Archive for May 28, 2010

Master Data Management Sample Hub Architectures

I thought it would be a good idea to write up our thinking on MDM solution architectures. There are many ways to do MDM. Some of them work well with SQL Server 2008 R2 Master Data Services, some not so much, and some really require collaboration with some other system to do message brokering or human workflow. I like to think if these four sample architectures listed here as starting points: in reality, most enterprises have a good example of one of each of these in their systems. We believe that a successful MDM solution starts by understanding the models, assessing what is working and what is not, and then applying the tools to take advantage of aspects of these models in a rational manner.

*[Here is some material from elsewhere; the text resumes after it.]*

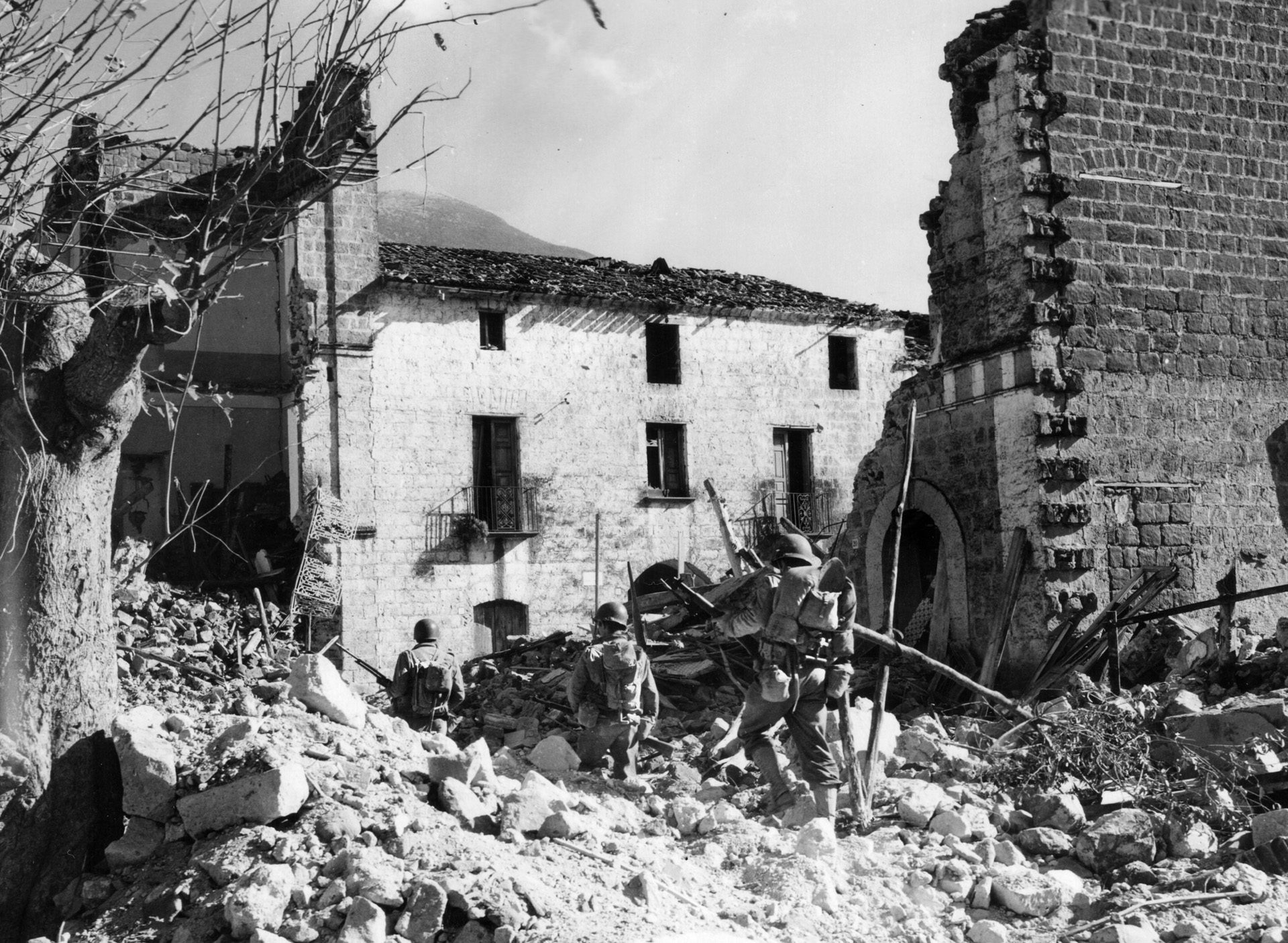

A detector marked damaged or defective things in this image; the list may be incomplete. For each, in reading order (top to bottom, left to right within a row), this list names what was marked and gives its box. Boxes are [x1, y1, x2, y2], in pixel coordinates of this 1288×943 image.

broken window frame [644, 322, 685, 384]
broken window frame [829, 335, 860, 391]
damaged stone wall [850, 0, 1288, 680]
broken window frame [649, 423, 690, 497]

In other words, before we can really understand what an MDM solution might look like for your firm, we need to evaluate the architectural models to see which will be a good fit for your enterprise architecture.

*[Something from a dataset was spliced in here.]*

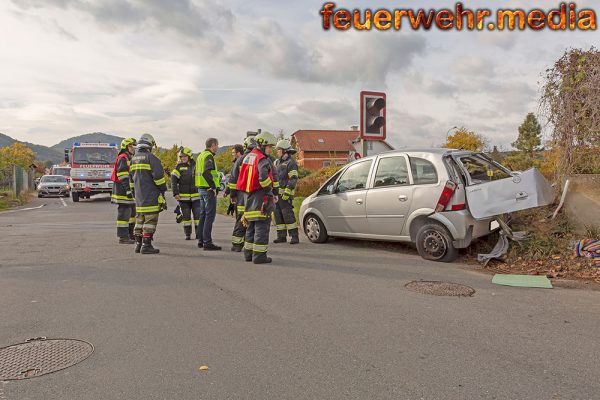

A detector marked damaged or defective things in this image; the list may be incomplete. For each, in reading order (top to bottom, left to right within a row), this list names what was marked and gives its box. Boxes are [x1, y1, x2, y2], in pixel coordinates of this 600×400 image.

damaged car [298, 148, 556, 260]
crumpled metal panel [464, 168, 556, 220]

So before jumping into any discussion of key concepts in Master Data Services with an audience who is not familiar with MDM work, I think it is helpful to describe 4 architectural models. I think it’s helpful in discussing these to recall the fundamental data issues we are trying to solve:

1. Who owns the Master Data?

2. Where will the Master Data reside?

3. How should Master Data subscribers be notified of updates?

If these are simple questions to answer, then you likely do not need to go down the MDM path. MDM architectures are designed to provide alternatives when these questions are hard to answer. However, there is rarely a straightforward or easy answer to these questions.

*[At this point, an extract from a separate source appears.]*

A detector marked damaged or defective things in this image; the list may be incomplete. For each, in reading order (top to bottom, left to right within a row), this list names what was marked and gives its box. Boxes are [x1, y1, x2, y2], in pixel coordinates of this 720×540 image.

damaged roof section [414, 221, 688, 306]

On one end of the spectrum is the Repository architecture. This architecture describes a single data source, a services layer or gateway and multiple source systems which consume Master Data from the services layer.


In the Repository architecture, we have a single data location and all of the master data is stored and managed there. Subscribing applications do not have a local copy of the master data. This can present some issues with data connectivity and response time for these applications; in response to this issue, solution architects often employ a data caching approach either at the Service Gateway layer, at the subscribing application layer, or both. I’m amused by the fact that when I look at this picture, it’s immediately clear to me that this represents an ideal state – the design for a system which is services oriented and can provide data pervasively throughout the enterprise. When I design an enterprise application, I tend to think of this architecture first.

Of course the problem with Repository is that it is best implemented when you have a blank canvas to start with.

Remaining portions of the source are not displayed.